# Bowtech Assassin Troubles



## Booner Chaser (Jun 10, 2011)

Hi, I recently purchased an Assassin and loved it in the shop but when I got home and started looking at it closer, something was wrong. I believe the nocking point is high and the rest is cocked off to the left but I can still shoot accurately. I am fairly new to compounds and am only 15 years old so hopefully somone can help. Here are some picks...
View attachment 1093181
View attachment 1093182
View attachment 1093183
View attachment 1093185
View attachment 1093187
.


----------



## Booner Chaser (Jun 10, 2011)

Ok, in the first pick, I threw on the longest stabilizer my dad has and you can see how the arrow is off to the left. I rotated the stabilizer to make sure it wasn't crooked and it wasn't. In the second pic I tried to get in line with string, arrow, and sights and you can see the sights are way left and I understand they should only be slightly left. In the third pick I showed how much the arrow leans down and actually I noticed that the rest is on slightly crooked and it points downwards which may be what I am seeing. You can see in the last pick how the rest isn't level with that cutout. And I was wondering if anybody else who has an assassin noticed that one of there rest mounting holes (plunger hole??) is slightly larger or positioned slightly higher than the other? Thank you in advance for the help and the closest Bowtech dealer is a few hours away so hopefully it is something I can fix myself. Also I walkback tuned it and I am shooting good from 0-40 yards which throws me off with as much as the arrow is off to the left. I just don't understand what is going on. This is how the bow came from the proshop when he tuned it for me and he papertuned it but when I walkback tuned I moved the rest but I don't remember how much or to which direction. I don't think it was much.


----------



## bowtechman88 (Feb 26, 2010)

yes your rest is way off to the left. fix it by lining up the rest in the center of the stabilizer as a starting point, then adjust your sight accordingly be bringing it in towards the bow. as far as nock height, the arrow should be slightly high, but not quite as high as yours


----------



## Booner Chaser (Jun 10, 2011)

Ok thank you, I will try that when the weather gets better and I can paper tune and check for centershot. Can Cam-timing have anything to do with sideways arrow flight or no? because I'm not 100% sure if they are timed correctly. I realize there are two dots on the cams and you center the cable between them but everytime I check it seems like I get a different reading. Needless to say, I am not happy with my dealer and will probably not buy from him again. I think you would check all that stuff before you sent a bow out the door but I guess not.


----------



## Booner Chaser (Jun 10, 2011)

ttt


----------



## bowtechman88 (Feb 26, 2010)

check your timing by pulling back slowly and having someone look at the cams to see if they are rolling over at the same time. Souldnt create that much of a difference on center shot anyway


----------



## threetoe (May 13, 2011)

First off...
it's nearly IMPOSSIBLE for us on this end of a keyboard to help. 
You need to have someone who knows how to initially tune a bow set it up and EXPLAIN what he's doing.
Do you have an archery club nearby? You should find people there who know what they're doing.
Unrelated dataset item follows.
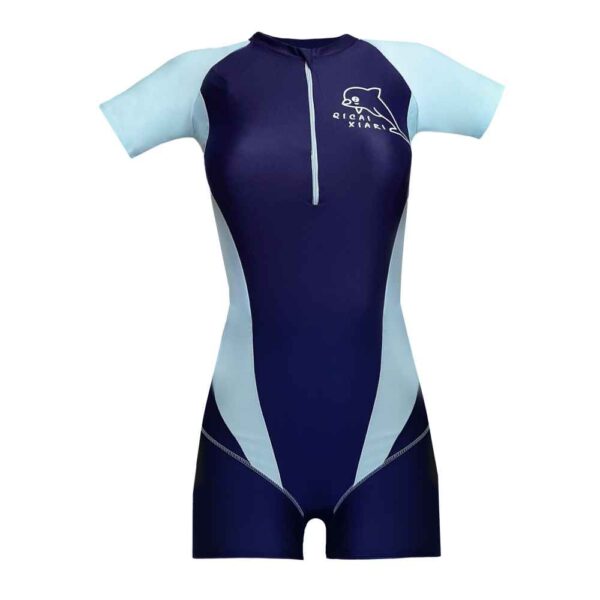 بدلة سباحة نسائية محتشمة بأكمام قصيرة - مقاس كبير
That bow is easy to tune because of it's binary cams. You don't need to worry about cam timing or tiller.

If you are alone with no experienced help...do it yourself. It's actually quite easy.
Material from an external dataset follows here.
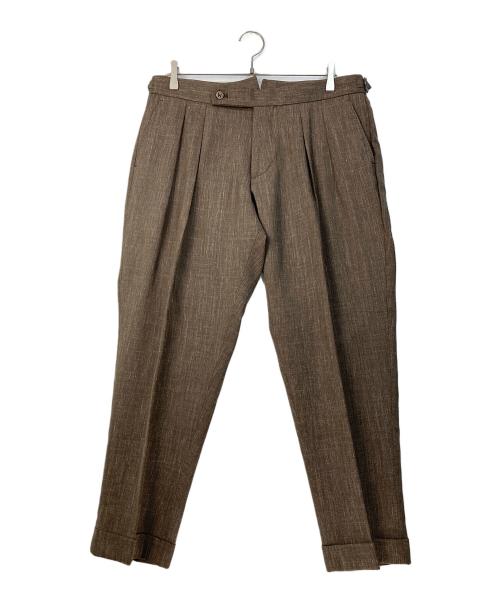 BERWICH（ベルウィッチ）BERWICH (ベルウィッチ) TOMYトミー LoroPiana ウールシルクリネンメランジ2プリーツテーパードパンツ ブラウン サイズ:50の古着・服飾アイテム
Get yourself the book "Technical Bowhunting" by Joe Bell. Amazon has them for 20 bucks. If you plan on hunting this is a MUST READ anyway!

Chapter 3 (The ten step bow tuneup) is dedicated to tuning and should be enough for you to get very close.
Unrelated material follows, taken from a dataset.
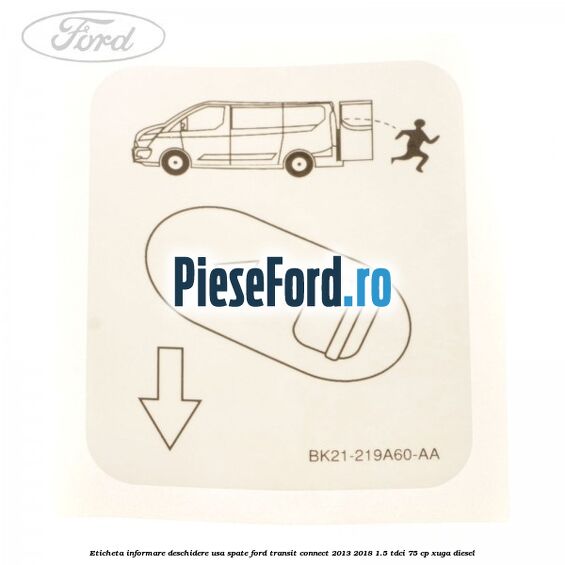 Eticheta informare deschidere usa spate Ford Transit Connect 2013-2018 1.5 TDCi 75 cp XUGA diesel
BTW..you say you're 15? What the ... are you drawing 70 pounds for? Are you trying to blow yourself out?


----------



## Booner Chaser (Jun 10, 2011)

Hi thanks guys for the help and I found some videos and articles online and I got her shooting good now. I got the 20 ad 30 pin on but I was getting sore so I will get my 40 and 50 in the next couple of days. And three toe, I don't remember saying I pull 70 pounds, but yes I have a 70 pound max bow but it is turned down the 59 right now and I actually was pulling my dad's 65 pound bow last year and I am about ready to turn it up again. I can pull 59 with ease and I have done the test where you sit down and hold your feet off the floor and draw the bow and I can do it with ease. I wouldn't think about shooting a bow that is too heavy for me, trust me. I have seen people ruin themselves and I don't plan on being there. I am turning 16 in less than a month. Thanks for worrying though lol


----------



## bowtechman88 (Feb 26, 2010)

threetoe said:


> First off...
> it's nearly IMPOSSIBLE for us on this end of a keyboard to help.
> You need to have someone who knows how to initially tune a bow set it up and EXPLAIN what he's doing.
> Do you have an archery club nearby? You should find people there who know what they're doing.
> ...


im 16 and pulling 70 pounds without a problem. Dont see it any different than lifting weights everyday


----------